How many who have never been born again pray, "Our Father which art in Heaven?" Carnal Christians use the prayer language of the true bride, while the rebellious plead with God in their hour of trouble with the same expressions as the submitted saints. This will always be met by divine silence. God does not respond to hypocrisy, since He is truth by nature. We have been instructed to "draw near with a true heart" (Hebrews 10:22). Any form of deceit will deny us an audience with God. Someone has been quoted to say: "Either live it or don't lip it."

Nevertheless, we go on giving lip service to the words that meant life to our fathers and to the founders of our denominations, often unaware that we have only the liturgy, not the life, of these men. We have expressed the words as fact for so long that we are unaware that they have become a fable.

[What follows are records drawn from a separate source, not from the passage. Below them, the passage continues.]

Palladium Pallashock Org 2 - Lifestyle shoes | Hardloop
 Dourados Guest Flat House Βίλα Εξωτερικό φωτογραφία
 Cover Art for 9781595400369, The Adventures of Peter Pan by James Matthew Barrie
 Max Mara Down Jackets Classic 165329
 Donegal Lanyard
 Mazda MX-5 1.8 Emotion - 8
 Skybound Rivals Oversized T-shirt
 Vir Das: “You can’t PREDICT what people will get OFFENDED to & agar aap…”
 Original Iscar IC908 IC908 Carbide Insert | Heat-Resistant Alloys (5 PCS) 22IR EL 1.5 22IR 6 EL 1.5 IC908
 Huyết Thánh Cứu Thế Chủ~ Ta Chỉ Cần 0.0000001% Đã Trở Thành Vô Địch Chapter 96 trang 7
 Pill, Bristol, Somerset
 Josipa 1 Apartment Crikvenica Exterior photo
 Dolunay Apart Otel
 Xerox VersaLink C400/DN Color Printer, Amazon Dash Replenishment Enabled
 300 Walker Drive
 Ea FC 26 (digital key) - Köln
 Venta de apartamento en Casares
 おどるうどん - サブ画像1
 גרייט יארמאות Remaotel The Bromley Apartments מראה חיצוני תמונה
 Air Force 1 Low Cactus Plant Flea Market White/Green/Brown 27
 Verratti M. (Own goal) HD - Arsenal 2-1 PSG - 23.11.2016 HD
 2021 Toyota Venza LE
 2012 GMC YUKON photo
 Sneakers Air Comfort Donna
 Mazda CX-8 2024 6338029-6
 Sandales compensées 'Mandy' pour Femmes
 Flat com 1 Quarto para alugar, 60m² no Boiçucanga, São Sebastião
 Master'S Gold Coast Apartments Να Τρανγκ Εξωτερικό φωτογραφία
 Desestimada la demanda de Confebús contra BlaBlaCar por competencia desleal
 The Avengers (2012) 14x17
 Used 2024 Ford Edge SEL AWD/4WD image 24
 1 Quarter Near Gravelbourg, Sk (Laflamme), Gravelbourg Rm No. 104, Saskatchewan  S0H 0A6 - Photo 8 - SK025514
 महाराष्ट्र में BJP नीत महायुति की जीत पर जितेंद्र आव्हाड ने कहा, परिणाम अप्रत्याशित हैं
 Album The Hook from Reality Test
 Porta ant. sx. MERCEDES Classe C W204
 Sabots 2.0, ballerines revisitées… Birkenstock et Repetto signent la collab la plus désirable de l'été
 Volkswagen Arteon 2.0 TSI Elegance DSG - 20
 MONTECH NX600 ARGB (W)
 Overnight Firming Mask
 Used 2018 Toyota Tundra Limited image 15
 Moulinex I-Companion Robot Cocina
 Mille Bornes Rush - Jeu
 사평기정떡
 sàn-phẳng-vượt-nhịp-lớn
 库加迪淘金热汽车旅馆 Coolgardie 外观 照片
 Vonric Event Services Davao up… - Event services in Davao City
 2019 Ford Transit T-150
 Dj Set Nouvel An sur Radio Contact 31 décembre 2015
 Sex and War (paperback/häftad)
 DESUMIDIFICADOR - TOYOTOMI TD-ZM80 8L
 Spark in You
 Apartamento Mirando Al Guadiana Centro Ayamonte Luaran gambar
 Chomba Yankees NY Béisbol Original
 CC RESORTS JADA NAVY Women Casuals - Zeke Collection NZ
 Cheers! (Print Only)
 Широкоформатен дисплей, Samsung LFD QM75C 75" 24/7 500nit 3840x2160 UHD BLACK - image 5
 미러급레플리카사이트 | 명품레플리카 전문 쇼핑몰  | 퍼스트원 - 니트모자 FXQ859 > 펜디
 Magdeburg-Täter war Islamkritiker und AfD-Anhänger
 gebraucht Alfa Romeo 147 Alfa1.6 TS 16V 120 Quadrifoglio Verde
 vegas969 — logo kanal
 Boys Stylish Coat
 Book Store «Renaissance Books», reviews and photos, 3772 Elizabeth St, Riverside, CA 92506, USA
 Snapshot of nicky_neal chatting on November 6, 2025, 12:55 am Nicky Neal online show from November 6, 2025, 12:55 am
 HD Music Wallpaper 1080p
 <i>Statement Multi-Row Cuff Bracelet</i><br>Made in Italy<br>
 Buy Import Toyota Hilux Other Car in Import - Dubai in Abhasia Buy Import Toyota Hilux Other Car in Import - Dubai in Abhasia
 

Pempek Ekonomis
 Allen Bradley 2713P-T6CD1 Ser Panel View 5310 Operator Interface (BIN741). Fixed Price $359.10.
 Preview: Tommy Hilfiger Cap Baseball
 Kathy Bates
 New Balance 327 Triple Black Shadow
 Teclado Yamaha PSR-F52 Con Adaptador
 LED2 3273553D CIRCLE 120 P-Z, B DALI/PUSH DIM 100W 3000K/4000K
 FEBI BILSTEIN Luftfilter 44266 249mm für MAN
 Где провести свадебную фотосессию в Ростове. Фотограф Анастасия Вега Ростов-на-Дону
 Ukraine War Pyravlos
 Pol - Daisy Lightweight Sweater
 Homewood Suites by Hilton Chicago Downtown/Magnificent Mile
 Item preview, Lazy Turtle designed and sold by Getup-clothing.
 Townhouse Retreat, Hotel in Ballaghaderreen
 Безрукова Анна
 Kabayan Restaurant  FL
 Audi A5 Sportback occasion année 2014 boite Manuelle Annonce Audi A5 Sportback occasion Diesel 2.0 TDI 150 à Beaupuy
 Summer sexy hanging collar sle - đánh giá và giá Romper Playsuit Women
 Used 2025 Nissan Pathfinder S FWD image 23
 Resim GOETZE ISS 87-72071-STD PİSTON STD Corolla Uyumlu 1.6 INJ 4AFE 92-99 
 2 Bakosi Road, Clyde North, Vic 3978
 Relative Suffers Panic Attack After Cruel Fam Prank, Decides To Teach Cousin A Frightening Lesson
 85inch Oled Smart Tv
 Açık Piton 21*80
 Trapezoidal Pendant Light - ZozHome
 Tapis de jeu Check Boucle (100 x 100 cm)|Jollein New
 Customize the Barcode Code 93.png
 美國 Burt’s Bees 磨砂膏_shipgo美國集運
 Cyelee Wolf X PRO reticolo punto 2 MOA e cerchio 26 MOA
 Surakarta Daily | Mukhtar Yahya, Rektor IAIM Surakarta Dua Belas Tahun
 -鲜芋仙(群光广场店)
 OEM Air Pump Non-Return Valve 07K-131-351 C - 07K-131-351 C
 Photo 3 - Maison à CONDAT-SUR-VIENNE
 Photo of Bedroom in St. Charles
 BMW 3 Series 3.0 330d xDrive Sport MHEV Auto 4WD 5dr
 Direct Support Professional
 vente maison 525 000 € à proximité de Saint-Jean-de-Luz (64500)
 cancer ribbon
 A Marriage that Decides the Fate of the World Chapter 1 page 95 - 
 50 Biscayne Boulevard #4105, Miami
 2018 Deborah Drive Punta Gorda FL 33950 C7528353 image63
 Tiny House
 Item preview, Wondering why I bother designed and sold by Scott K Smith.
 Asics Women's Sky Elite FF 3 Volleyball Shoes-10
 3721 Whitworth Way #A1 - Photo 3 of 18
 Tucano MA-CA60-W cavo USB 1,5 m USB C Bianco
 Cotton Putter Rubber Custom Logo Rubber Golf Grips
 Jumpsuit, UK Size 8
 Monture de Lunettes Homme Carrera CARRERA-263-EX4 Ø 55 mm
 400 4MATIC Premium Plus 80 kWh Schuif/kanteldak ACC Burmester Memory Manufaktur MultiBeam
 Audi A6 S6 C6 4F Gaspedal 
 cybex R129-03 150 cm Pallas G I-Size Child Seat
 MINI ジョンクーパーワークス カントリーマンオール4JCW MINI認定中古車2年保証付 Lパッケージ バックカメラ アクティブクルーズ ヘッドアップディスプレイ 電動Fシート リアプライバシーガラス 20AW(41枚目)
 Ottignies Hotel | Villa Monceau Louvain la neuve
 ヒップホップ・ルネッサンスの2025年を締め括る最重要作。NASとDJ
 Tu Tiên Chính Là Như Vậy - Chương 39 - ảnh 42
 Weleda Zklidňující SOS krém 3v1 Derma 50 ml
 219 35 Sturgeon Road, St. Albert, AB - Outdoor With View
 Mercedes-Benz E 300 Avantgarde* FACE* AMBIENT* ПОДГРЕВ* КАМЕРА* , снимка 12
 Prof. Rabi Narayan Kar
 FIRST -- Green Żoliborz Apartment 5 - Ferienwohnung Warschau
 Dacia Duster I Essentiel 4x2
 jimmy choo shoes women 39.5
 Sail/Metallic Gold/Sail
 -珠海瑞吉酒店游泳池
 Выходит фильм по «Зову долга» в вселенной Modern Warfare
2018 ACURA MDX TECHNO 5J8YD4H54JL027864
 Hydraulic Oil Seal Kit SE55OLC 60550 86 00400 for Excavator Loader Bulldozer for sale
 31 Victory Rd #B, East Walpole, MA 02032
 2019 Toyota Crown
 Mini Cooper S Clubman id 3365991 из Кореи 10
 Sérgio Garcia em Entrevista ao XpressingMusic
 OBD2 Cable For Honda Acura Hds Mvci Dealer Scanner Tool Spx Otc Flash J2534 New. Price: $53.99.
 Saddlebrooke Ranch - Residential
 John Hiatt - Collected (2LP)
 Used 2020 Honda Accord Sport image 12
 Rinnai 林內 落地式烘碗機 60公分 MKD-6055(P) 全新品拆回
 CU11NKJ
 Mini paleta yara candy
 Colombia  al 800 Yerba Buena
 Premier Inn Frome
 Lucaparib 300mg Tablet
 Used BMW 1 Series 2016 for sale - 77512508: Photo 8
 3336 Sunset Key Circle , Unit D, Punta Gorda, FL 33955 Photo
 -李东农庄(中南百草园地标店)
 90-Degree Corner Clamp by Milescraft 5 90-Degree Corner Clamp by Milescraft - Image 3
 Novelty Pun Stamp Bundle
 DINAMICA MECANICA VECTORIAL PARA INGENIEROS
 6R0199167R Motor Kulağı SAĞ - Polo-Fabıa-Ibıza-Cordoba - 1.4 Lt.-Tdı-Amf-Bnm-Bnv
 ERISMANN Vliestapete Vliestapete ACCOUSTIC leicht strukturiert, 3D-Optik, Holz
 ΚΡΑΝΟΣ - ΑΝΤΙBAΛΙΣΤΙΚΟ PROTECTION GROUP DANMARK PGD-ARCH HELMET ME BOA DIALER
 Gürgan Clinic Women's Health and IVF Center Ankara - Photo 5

We have extendedly claimed a non-existent faith until we cannot recognize our fraud. What can bring us out of our guile back into His grace? Worship!

Immediately after Jesus unmasked this imposter, "Then came she and worshipped Him, saying, Lord, help me" (Matthew 15:25). Likely, she prostrated herself before Him, perhaps even grabbing Him by the ankles and kissing His feet. She completely submitted herself to Him and poured out both her worship and her plea for help. And it worked. It always works! Worship is a dooropener that gives the supplicant ingress to God. All men have been invited to worship God, converted and unconverted alike.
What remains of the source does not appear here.